Rock became a more controversial figure by the 1970s, as conservative Christians argued that his embryo studies were immoral and feminist activists contended that he had taken advantage of the clinic patients who had participated in these studies as research subjects.

Marsh and Ronner’s nuanced account sheds light on the man behind the brilliant career. They tell the story of a directionless young man, a saloon keeper’s son, who began his working life as a timekeeper on a Guatemalan banana plantation and later became one of the most recognized figures of the twentieth century. They portray his medical practice from the perspective of his patients, who ranged from the wives of laborers to Hollywood film stars.

The first scholars to have access to Rock’s personal papers, Marsh and Ronner offer a compelling look at a man whose work defined the reproductive revolution, with its dual developments in contraception and technologically assisted conception.

Margaret Marsh is a professor of history and interim chancellor, Rutgers University-Camden. Wanda Ronner is a clinical associate professor of obstetrics and gynecology at the University of Pennsylvania School of Medicine. They are coauthors of The Empty Cradle: Infertility in America from Colonial Times to the Present, also published by Johns Hopkins.

"The authors bring a man and a century to life as they recount two primary discoveries underlying women's still controversial reproductive rights."

"A fascinating biographical study of a key figure in twentieth-century America... a complete portrait of John Rock as a son, brother, husband, father, student, doctor, researcher, and public figure."

"A spell-binding analysis of the development of modern reproductive medicine. The authors, a gynecologist and a historian, interpret the conflicts and frustrations in this new field through the life and career of John Rock, whose medical and communication skills, coupled with his sincere commitment to the Catholic Church, made him uniquely qualified as one of the field’s principal protagonists.
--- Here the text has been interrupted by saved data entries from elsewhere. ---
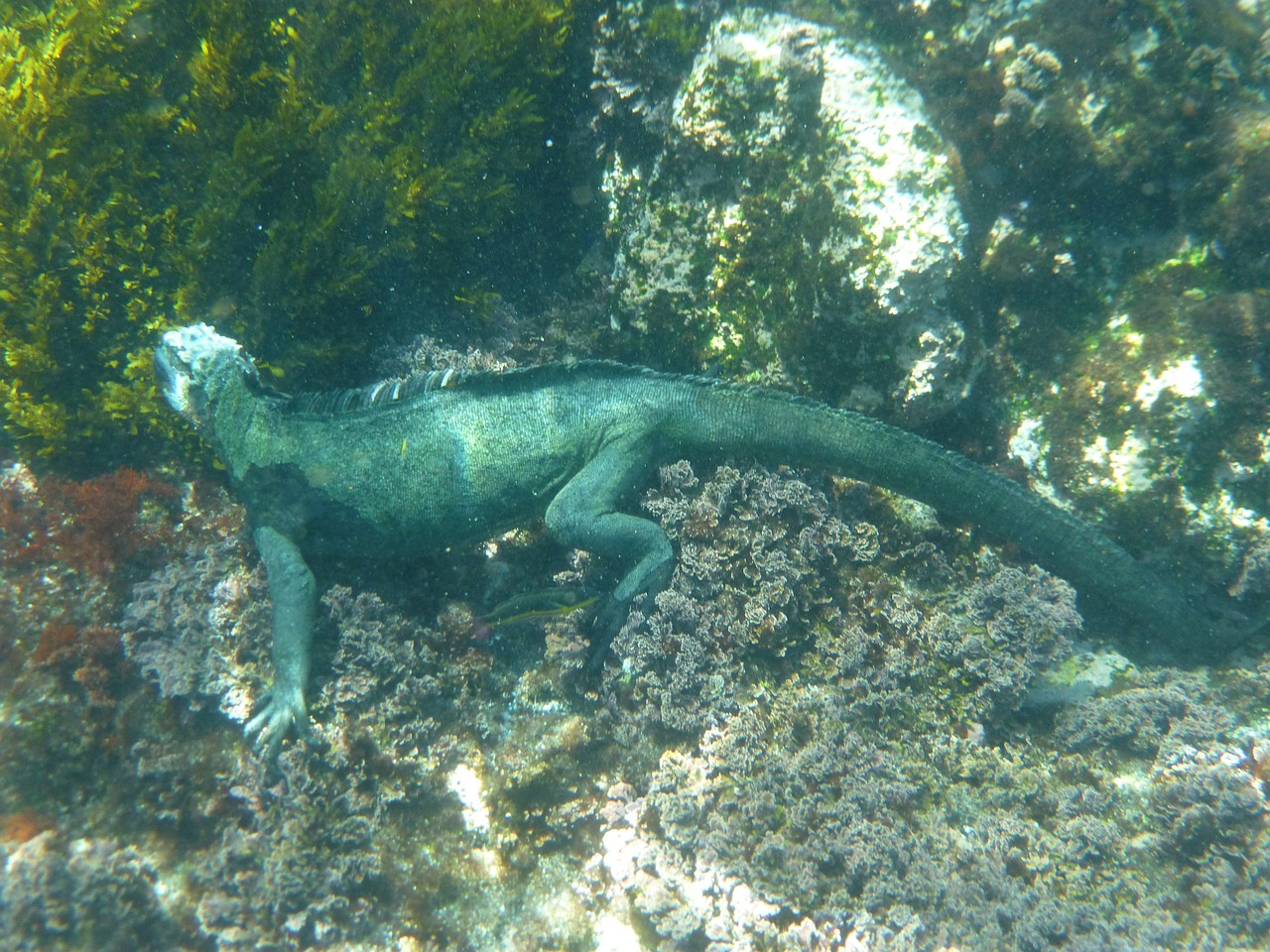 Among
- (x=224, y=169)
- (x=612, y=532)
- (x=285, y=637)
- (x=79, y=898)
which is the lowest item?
(x=79, y=898)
The authors pay close attention to the social and scientific forces of the time when a new and controversial approach to pregnancy prevention was launched--with distinct moral and social interactions."

" The Fertility Doctor provides a balanced portrait of a twentieth-century medical giant... They [Marsh and Ronner] deal deftly too with with the ironies that marked Rock's long career."
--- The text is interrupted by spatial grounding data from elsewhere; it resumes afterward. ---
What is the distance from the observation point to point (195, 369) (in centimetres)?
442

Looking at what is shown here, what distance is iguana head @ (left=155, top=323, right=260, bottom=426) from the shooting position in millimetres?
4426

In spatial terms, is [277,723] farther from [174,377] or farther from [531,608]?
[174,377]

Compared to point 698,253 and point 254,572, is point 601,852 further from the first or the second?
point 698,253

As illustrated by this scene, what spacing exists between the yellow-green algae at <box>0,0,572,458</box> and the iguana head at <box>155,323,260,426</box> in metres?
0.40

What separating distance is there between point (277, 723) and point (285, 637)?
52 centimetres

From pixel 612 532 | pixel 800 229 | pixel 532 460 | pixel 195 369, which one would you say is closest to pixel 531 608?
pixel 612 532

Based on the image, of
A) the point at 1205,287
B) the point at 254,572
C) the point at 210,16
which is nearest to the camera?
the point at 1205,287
"This book will hold an important place in the archives of reproductive medicine."

"Eminently readable... It gives an excellent account of his Boston Irish Catholic family background, his childhood, and his psychological maturation."

"Marsh and Ronner have written what is undoubtedly the most thorough and wide-ranging account we have yet on Rock's career and life."
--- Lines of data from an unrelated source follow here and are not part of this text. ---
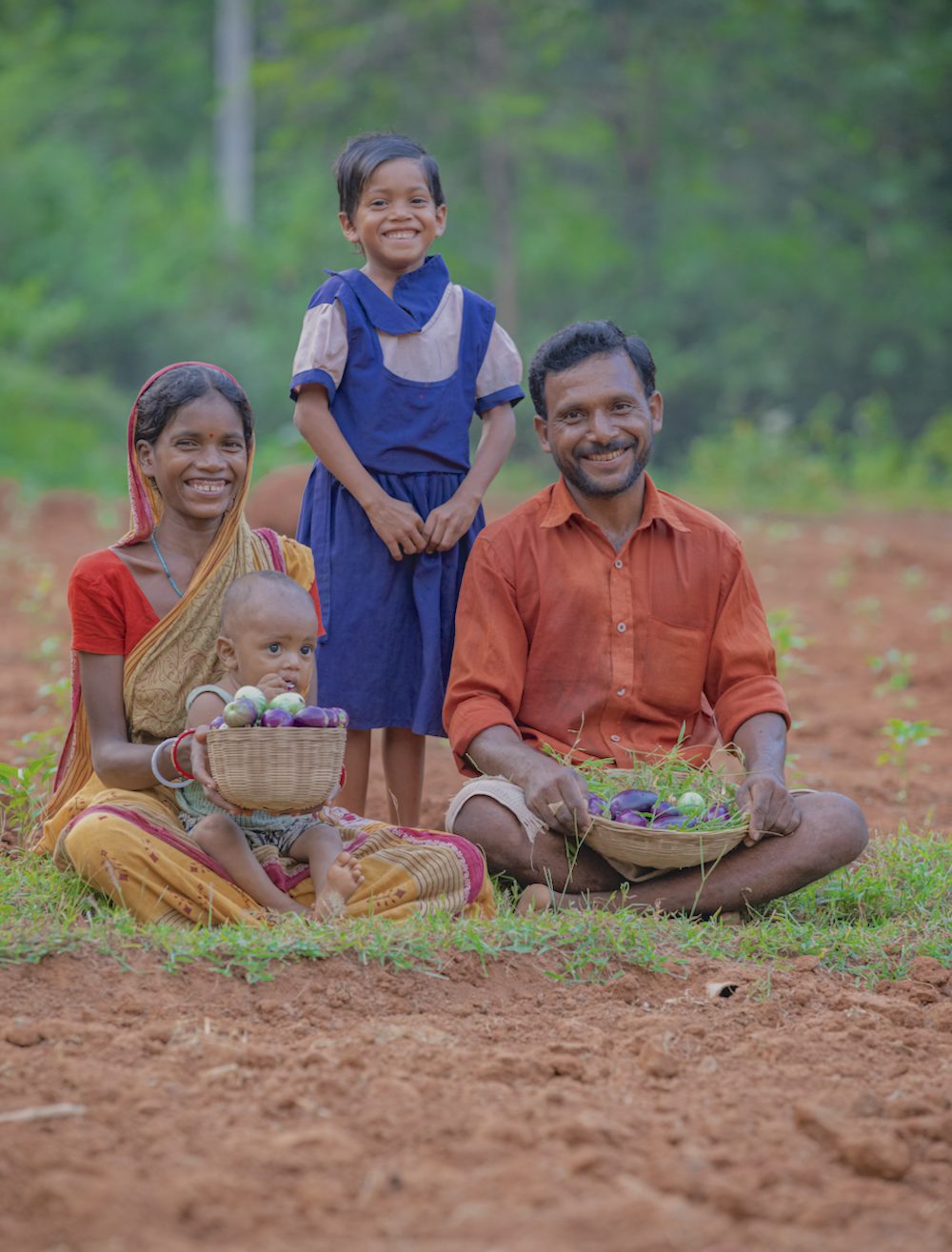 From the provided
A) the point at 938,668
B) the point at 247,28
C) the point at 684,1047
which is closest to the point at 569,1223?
the point at 684,1047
"Using an impressive body of primary source material, Marsh (history, Rutgers Univ.-Camden) and Ronner (Univ. of Pennsylvania School of Medicine) depict Rock's life through his medical practice and research, both of which seem to define Rock as a person."

"The book is most successful in its exploration of Rock's research... offer(s) scholars of American Catholicism a useful portrait of a committed Catholic who deliberately stretched and molded his faith to fit both a more modern world and his own conscience, long before the Second Vatican council made such flexibility more acceptable."

"This is a well-researched and welcomed contribution to reproductive history."

"Enormously valuable."

"Marsh and Ronner provide us with a much enriched understanding of one of history's most remarkable gynecologists."

"Marsh and Ronner's collaborative efforts make for a fascinating and important study of Rock and his contributions to the science and culture of reproductive medicine."

"The biography of Rock provides detailed insight into the difficult challenges a doctor faced in pushing at the boundaries of reproductive health."

"A successful scientific biography."

"What this book does and does exquisitely is to bring John Rock's life and life's work to the forefront... of the decades of hormonal history."